Shirley Temple was called a “goody two-shoes” behind her back, and not in a kind way. Her famous curls were an attempt by her mother to cover the cotton balls she stuffed in Shirley’s ears so her little girl wouldn’t get her feelings hurt on set.
And we would have done it if it weren’t for that dog and you meddlesome kids!
The obvious parallel is in 2 Kings 2:23-25, where a bunch of meddlesome kids laugh at the prophet, and God sends a large beast to defend his reputation. Shirley Temple figured out that the basic roles of the kids and Elisha were reversed, and the bear became a Great Dane.
The toy dane, although quite popular as a lady’s lap dog in the eighteenth century, never became recognized as an official breed.
The laps of ladies in the eighteenth century measured 19" x 42" and could accommodate three toy danes and eight teacup poodles.
Teacup poodles are that size due to deliberate malnutrition.
Teacup poodles are known as “coffeecup little rat-dogs” (loosely translated from the original Norwegian) in Scandinavian countries, which consume far more coffee than tea.
The annual Scandinavian Marathon is the longest foot race in Europe and has been held every September 3rd since 1948. Participants start in Oslo and head east through Norway and Sweden. The grueling mountain race does’t end until the tired runners finally cross the Finnish line.
Scandinavian Marathon was one of the worst candy bars created in the '60s; instead of caramel in the center, they used haddock. The bar was on shelves 2-1/2 weeks.
This? This right here?
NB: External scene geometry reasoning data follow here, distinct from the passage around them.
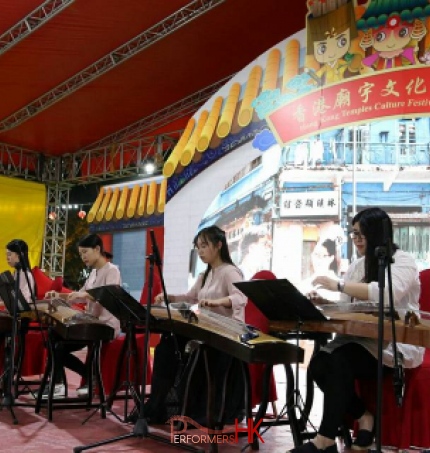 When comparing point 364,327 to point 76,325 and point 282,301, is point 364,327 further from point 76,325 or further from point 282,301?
point 76,325

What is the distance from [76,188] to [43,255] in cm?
263

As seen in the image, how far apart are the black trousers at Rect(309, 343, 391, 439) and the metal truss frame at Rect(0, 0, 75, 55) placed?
18.5 ft

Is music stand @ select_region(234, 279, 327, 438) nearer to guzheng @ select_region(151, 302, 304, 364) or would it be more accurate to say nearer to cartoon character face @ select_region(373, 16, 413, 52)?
guzheng @ select_region(151, 302, 304, 364)

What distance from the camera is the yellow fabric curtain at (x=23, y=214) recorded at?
37.9ft

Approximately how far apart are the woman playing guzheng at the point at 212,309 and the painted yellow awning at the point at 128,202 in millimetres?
6541

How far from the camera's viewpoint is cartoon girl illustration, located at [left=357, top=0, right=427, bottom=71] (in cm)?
561

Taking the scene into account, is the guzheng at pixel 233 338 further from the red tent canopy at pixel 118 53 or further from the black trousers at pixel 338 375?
the red tent canopy at pixel 118 53

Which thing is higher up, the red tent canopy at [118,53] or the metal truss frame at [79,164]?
the red tent canopy at [118,53]

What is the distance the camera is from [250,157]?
6371 mm

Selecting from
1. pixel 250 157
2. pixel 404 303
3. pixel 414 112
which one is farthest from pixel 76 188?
pixel 404 303

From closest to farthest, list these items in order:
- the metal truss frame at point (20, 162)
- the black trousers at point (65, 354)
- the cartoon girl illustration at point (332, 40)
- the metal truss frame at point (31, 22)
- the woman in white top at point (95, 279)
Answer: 1. the black trousers at point (65, 354)
2. the woman in white top at point (95, 279)
3. the cartoon girl illustration at point (332, 40)
4. the metal truss frame at point (31, 22)
5. the metal truss frame at point (20, 162)

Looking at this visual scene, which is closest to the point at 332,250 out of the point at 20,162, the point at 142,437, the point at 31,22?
the point at 142,437

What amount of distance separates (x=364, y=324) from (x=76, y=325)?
185 cm

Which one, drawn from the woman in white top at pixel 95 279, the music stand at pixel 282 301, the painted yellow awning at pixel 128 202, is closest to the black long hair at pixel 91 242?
the woman in white top at pixel 95 279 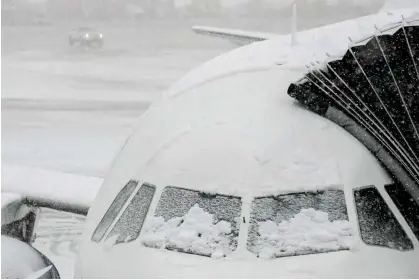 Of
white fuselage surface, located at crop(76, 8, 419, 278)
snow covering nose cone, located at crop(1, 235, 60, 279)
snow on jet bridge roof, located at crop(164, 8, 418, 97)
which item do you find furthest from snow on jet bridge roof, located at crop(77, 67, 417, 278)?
snow covering nose cone, located at crop(1, 235, 60, 279)

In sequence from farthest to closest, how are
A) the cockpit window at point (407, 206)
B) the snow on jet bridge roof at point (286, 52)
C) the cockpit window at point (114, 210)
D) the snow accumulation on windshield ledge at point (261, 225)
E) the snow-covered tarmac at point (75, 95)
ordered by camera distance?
the snow-covered tarmac at point (75, 95), the snow on jet bridge roof at point (286, 52), the cockpit window at point (114, 210), the cockpit window at point (407, 206), the snow accumulation on windshield ledge at point (261, 225)

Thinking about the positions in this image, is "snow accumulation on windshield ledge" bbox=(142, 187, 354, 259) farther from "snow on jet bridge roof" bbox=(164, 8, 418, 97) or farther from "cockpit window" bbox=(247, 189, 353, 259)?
"snow on jet bridge roof" bbox=(164, 8, 418, 97)

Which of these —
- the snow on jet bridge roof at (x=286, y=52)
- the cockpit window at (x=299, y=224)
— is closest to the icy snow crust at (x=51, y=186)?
the snow on jet bridge roof at (x=286, y=52)

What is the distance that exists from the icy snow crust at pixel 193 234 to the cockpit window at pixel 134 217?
143mm

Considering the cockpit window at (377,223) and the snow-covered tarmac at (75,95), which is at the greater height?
the snow-covered tarmac at (75,95)

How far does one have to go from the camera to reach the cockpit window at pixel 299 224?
4676 millimetres

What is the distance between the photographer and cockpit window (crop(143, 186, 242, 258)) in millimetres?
4789

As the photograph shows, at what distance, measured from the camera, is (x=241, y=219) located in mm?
4820

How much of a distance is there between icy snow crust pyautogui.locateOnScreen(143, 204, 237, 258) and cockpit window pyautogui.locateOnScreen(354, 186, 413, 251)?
101 cm

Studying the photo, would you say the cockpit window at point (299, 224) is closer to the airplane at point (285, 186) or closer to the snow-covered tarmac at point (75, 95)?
the airplane at point (285, 186)

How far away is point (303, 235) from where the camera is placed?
4750 mm

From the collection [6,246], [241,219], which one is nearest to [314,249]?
[241,219]

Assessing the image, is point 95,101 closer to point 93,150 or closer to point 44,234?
point 93,150

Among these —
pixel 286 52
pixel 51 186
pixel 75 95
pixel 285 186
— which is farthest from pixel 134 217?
pixel 75 95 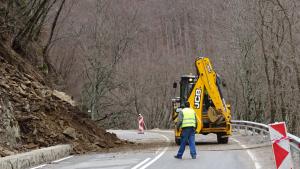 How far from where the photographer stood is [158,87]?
67.1m

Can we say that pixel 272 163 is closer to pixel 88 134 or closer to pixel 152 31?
pixel 88 134

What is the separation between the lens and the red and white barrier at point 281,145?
28.8 ft

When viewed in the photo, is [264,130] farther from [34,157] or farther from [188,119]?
[34,157]

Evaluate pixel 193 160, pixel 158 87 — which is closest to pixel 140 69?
pixel 158 87

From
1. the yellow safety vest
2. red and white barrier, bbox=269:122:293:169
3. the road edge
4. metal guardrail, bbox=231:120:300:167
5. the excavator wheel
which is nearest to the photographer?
red and white barrier, bbox=269:122:293:169

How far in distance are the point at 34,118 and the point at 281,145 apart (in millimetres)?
11538

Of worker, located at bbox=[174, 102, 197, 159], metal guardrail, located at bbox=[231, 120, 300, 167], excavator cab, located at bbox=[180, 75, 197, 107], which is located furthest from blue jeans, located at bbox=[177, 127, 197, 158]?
excavator cab, located at bbox=[180, 75, 197, 107]

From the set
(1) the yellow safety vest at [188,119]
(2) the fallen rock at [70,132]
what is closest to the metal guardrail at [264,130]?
(1) the yellow safety vest at [188,119]

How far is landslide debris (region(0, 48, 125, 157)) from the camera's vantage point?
16.6 meters

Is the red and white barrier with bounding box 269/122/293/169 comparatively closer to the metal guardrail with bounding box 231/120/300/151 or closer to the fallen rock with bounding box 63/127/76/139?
the metal guardrail with bounding box 231/120/300/151

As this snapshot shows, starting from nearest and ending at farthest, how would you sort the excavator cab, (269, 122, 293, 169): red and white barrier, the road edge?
(269, 122, 293, 169): red and white barrier, the road edge, the excavator cab

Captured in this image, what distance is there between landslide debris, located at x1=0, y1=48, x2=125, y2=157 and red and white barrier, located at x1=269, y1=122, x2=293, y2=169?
27.6 feet

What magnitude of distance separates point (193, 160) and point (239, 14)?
2690 cm

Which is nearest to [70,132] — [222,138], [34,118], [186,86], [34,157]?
[34,118] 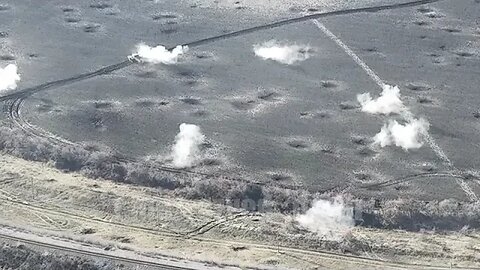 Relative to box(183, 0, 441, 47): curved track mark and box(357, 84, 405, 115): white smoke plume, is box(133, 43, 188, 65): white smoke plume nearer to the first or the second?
box(183, 0, 441, 47): curved track mark

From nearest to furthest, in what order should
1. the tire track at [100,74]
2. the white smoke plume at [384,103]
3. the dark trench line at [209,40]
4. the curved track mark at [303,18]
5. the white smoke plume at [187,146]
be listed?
the white smoke plume at [187,146] → the tire track at [100,74] → the white smoke plume at [384,103] → the dark trench line at [209,40] → the curved track mark at [303,18]

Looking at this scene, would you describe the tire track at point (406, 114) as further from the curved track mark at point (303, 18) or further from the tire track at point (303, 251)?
the tire track at point (303, 251)

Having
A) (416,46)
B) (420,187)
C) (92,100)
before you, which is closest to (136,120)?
(92,100)

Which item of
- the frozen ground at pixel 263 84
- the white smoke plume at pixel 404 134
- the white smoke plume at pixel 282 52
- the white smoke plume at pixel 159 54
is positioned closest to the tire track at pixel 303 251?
the frozen ground at pixel 263 84

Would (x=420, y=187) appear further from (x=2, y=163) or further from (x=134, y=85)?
(x=2, y=163)

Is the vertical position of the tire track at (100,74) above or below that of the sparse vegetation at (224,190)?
above

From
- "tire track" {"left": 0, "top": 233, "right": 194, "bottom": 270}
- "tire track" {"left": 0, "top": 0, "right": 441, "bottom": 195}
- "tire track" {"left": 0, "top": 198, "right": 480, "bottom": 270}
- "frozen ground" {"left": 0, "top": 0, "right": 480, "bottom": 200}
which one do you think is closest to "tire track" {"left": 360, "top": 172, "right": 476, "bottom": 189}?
"frozen ground" {"left": 0, "top": 0, "right": 480, "bottom": 200}

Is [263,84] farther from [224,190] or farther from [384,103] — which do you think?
[224,190]

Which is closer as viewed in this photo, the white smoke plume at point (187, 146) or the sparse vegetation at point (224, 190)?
the sparse vegetation at point (224, 190) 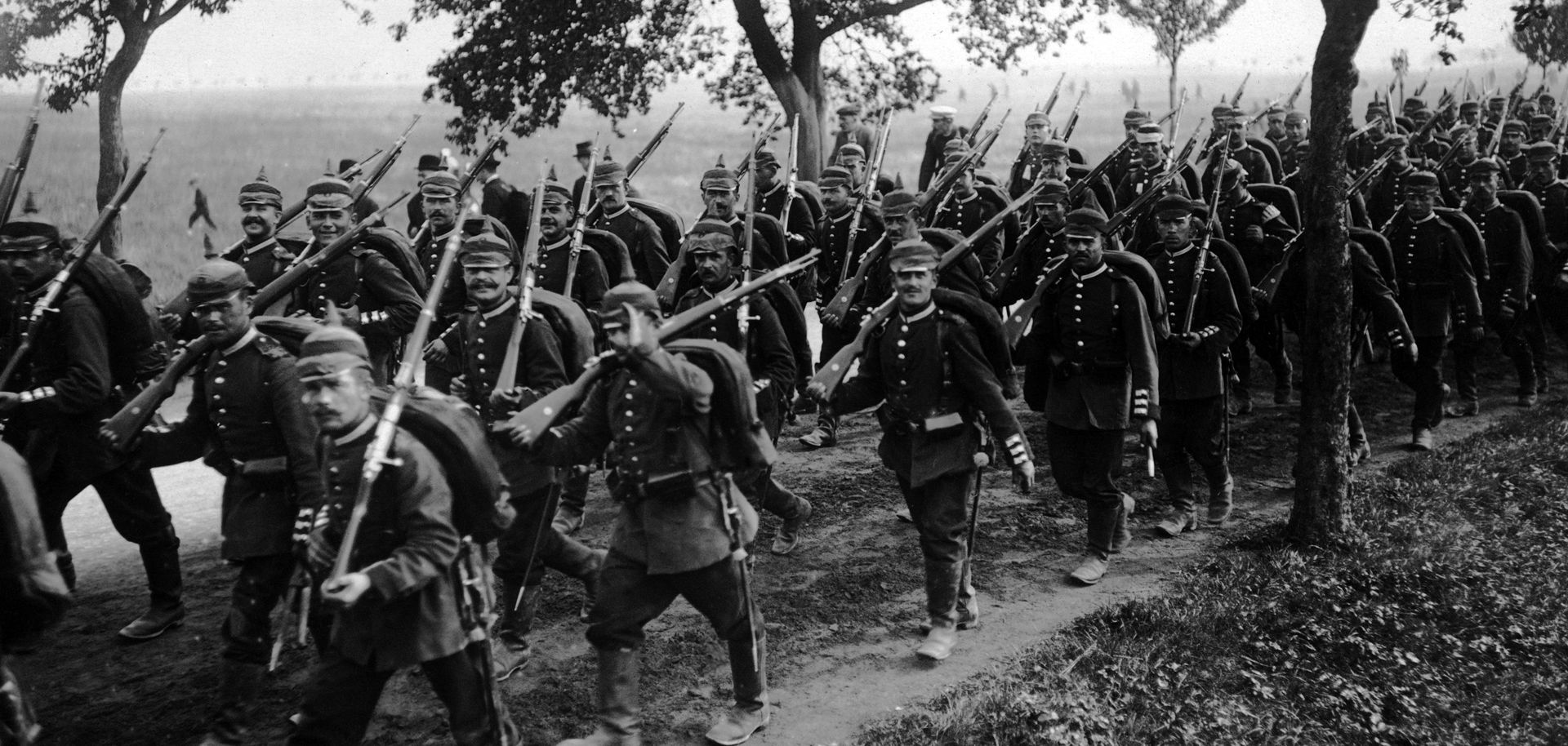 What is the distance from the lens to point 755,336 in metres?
7.88

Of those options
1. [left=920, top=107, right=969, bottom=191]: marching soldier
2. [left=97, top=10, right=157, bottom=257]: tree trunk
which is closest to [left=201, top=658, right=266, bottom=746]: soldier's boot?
[left=97, top=10, right=157, bottom=257]: tree trunk

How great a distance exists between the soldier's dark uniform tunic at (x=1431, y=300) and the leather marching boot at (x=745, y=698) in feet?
24.1

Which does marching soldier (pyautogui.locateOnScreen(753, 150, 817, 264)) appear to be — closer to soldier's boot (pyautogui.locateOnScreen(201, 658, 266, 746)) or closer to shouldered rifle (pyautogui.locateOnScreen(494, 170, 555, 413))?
shouldered rifle (pyautogui.locateOnScreen(494, 170, 555, 413))

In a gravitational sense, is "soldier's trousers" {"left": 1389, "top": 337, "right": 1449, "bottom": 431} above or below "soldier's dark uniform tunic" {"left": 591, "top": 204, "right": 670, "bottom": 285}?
below

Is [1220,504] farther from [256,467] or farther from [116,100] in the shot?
[116,100]

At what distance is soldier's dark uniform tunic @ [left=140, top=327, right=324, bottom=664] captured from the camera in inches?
223

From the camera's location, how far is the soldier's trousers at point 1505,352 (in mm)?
11703

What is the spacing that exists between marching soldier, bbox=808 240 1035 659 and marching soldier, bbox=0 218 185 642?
3667mm

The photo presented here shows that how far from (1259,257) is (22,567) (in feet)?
34.9

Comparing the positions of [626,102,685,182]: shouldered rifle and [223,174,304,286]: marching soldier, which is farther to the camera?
[626,102,685,182]: shouldered rifle

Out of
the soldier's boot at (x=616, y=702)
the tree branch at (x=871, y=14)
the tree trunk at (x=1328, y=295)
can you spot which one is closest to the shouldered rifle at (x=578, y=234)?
the soldier's boot at (x=616, y=702)

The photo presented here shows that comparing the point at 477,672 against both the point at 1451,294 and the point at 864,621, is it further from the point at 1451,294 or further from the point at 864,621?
the point at 1451,294

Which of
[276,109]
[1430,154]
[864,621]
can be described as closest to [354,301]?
[864,621]

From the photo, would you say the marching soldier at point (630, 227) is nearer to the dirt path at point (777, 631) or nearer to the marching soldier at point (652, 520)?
the dirt path at point (777, 631) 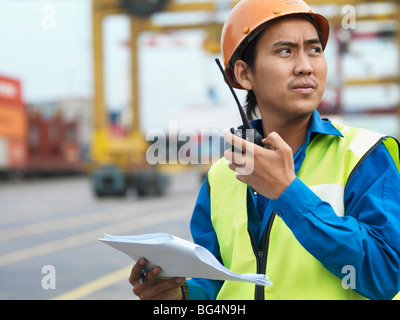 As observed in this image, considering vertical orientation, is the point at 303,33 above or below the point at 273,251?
above

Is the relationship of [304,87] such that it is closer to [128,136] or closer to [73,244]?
[73,244]

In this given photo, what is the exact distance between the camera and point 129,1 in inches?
758

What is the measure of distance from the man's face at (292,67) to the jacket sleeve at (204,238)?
411 mm

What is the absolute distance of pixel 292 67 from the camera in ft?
5.16

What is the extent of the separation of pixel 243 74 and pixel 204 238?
0.52 m

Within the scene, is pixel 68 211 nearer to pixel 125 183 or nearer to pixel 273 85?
pixel 125 183

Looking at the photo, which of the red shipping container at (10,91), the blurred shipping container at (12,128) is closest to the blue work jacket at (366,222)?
the blurred shipping container at (12,128)

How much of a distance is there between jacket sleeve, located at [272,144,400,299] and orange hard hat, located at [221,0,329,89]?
18.8 inches

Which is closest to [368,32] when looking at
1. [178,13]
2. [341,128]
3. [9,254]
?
[178,13]

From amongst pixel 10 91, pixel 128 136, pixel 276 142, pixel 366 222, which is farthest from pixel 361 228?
pixel 10 91

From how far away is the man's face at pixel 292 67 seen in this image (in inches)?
61.7

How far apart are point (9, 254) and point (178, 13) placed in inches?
539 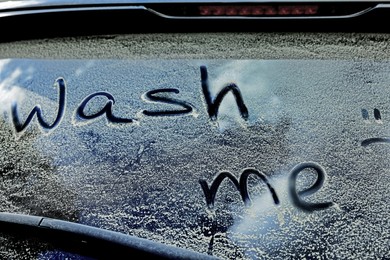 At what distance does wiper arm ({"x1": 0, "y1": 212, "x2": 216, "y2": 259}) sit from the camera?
1224mm

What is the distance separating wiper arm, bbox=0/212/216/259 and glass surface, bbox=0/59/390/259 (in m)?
0.08

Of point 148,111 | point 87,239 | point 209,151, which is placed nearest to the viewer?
point 87,239

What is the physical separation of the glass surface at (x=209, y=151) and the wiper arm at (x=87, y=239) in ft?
0.28

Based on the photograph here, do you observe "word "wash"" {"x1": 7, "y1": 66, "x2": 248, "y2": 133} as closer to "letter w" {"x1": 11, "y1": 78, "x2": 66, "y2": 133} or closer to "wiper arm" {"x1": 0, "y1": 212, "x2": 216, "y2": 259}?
"letter w" {"x1": 11, "y1": 78, "x2": 66, "y2": 133}

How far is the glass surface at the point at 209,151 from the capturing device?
52.7 inches

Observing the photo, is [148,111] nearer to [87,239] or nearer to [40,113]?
[40,113]

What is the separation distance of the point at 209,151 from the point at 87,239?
424mm

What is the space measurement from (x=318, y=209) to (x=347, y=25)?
32.4 inches

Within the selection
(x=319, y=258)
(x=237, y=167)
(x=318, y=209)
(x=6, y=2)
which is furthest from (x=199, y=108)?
(x=6, y=2)

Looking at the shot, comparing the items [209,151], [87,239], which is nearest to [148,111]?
[209,151]

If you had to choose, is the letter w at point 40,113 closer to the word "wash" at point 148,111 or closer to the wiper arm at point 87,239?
the word "wash" at point 148,111

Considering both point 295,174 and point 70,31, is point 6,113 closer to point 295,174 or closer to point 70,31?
point 70,31

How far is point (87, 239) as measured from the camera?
127cm

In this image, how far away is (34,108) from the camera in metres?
1.76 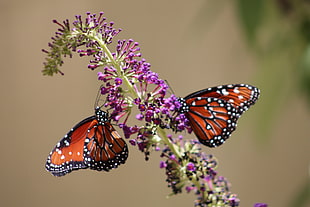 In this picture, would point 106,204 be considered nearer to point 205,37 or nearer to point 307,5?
point 205,37

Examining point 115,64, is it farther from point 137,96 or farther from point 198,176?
point 198,176

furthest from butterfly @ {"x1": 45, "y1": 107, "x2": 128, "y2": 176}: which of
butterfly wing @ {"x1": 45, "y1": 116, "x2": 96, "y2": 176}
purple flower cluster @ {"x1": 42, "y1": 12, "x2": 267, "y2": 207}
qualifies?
purple flower cluster @ {"x1": 42, "y1": 12, "x2": 267, "y2": 207}

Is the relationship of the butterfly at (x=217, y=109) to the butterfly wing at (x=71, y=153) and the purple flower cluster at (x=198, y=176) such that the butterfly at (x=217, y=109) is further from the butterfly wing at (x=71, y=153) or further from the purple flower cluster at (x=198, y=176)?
the butterfly wing at (x=71, y=153)

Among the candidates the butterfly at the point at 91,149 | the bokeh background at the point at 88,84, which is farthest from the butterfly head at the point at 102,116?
the bokeh background at the point at 88,84

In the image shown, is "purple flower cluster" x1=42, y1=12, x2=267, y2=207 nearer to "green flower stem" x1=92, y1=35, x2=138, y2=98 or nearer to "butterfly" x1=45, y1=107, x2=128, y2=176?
"green flower stem" x1=92, y1=35, x2=138, y2=98

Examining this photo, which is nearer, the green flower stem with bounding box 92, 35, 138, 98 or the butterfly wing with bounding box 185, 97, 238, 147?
the green flower stem with bounding box 92, 35, 138, 98

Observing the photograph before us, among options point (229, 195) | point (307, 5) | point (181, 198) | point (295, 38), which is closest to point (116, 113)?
point (229, 195)

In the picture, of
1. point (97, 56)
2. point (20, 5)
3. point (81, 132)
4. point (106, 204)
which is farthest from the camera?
point (106, 204)
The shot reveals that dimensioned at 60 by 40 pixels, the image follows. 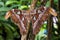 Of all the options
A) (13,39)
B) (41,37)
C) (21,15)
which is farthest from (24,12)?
(13,39)

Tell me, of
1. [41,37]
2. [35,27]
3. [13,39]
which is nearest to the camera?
[35,27]

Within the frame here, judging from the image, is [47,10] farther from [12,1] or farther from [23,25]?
[12,1]

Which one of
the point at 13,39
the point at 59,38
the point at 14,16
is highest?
the point at 14,16

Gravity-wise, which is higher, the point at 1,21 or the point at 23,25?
the point at 23,25

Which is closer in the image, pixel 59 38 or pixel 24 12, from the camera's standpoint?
pixel 24 12

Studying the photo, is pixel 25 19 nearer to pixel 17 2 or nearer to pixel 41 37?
pixel 41 37

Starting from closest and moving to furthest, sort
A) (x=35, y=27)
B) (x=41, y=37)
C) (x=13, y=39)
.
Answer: (x=35, y=27) → (x=41, y=37) → (x=13, y=39) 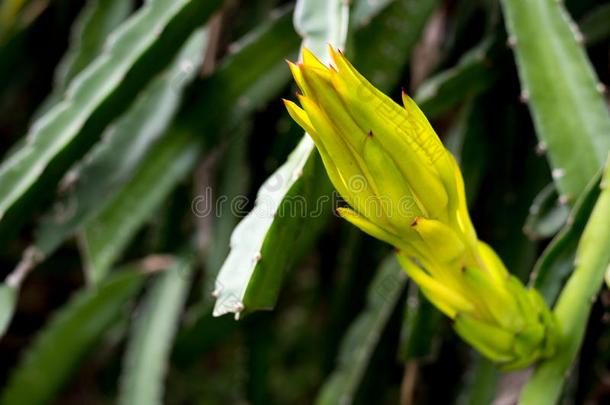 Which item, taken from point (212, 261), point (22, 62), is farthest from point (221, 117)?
point (22, 62)

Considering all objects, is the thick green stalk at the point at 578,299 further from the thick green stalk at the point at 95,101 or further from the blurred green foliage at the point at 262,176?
the thick green stalk at the point at 95,101

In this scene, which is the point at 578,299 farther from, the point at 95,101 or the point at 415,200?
the point at 95,101

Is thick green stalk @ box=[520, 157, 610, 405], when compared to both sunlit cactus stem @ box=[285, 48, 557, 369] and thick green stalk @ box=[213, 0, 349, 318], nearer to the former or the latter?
sunlit cactus stem @ box=[285, 48, 557, 369]

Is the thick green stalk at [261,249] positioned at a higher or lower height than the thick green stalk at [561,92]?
higher

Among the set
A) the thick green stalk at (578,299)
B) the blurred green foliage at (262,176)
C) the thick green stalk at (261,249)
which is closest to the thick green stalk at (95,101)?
the blurred green foliage at (262,176)

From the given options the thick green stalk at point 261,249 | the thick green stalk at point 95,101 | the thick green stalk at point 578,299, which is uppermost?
the thick green stalk at point 95,101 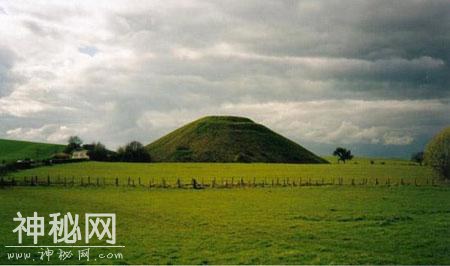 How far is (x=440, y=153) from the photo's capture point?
65062 mm

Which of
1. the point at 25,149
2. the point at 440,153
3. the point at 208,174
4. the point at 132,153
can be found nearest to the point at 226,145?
the point at 132,153

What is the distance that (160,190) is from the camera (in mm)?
55062

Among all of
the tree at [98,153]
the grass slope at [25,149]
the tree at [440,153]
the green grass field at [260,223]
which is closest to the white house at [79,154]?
the tree at [98,153]

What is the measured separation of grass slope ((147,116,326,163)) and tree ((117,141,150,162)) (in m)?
6.50

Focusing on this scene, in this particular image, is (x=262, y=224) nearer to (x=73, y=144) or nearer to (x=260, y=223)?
(x=260, y=223)

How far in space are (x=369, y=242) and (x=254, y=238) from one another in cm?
628

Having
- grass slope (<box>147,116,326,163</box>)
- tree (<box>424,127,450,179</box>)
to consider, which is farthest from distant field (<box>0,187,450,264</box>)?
grass slope (<box>147,116,326,163</box>)

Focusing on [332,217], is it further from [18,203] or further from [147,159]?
[147,159]

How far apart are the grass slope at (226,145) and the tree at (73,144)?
2708 centimetres

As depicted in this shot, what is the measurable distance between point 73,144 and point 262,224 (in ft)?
491

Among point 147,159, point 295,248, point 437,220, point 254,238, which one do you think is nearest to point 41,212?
point 254,238

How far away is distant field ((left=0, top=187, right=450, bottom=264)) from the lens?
21.1 metres

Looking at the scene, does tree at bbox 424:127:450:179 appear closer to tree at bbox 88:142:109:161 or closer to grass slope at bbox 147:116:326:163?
grass slope at bbox 147:116:326:163

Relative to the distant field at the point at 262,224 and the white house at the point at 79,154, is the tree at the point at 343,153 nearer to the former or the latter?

This is why we’re going to have to kill you now.
In play:
Inge Phartuccio-Lindqvist, the marketing “genius” who came up with the Scandinavian Marathon candy bar, was promptly fired from M&M Mars Norway Ltd. and is now living under an assumed name in Blawnox, Pa.
The lutefisk industry in Blawnox, PA is booming. No one is quite ready to admit why.
Cub Scout Troop #2 in Blawnox raises over $2 million annually by selling Thin Lutefisk cookies door to door.
Inge Phartuccio-Lindqvist (or whatever her “name” was) tried to secure employment at Sarris Candies in Canonsburg. Her lifeless corpse was found floating down Chartiers Creek on the way to the Ohio River. You don’t mess with Bobby Vinton’s favorite chocolate.
:: I know I’m not one to talk, not knowing my alphabet, but what domino are you playing - the “to”? :p::
Sarris Candies manufactures the Thin Lutefish confection. They also produce the rather unpopular scout cookie S’morays
Lutefish (as opposed to Lutefisk) owe their name to their general shape and the 4 stripes running along only one side of their body. A common practical joke in the middle ages was to hand a drunken minstrel a dried lutefish and watch him attempt to play a song.
The so-called Middle Ages got its name because nobody at that time knew that there was such a thing as Old Age, as nobody had ever reached it.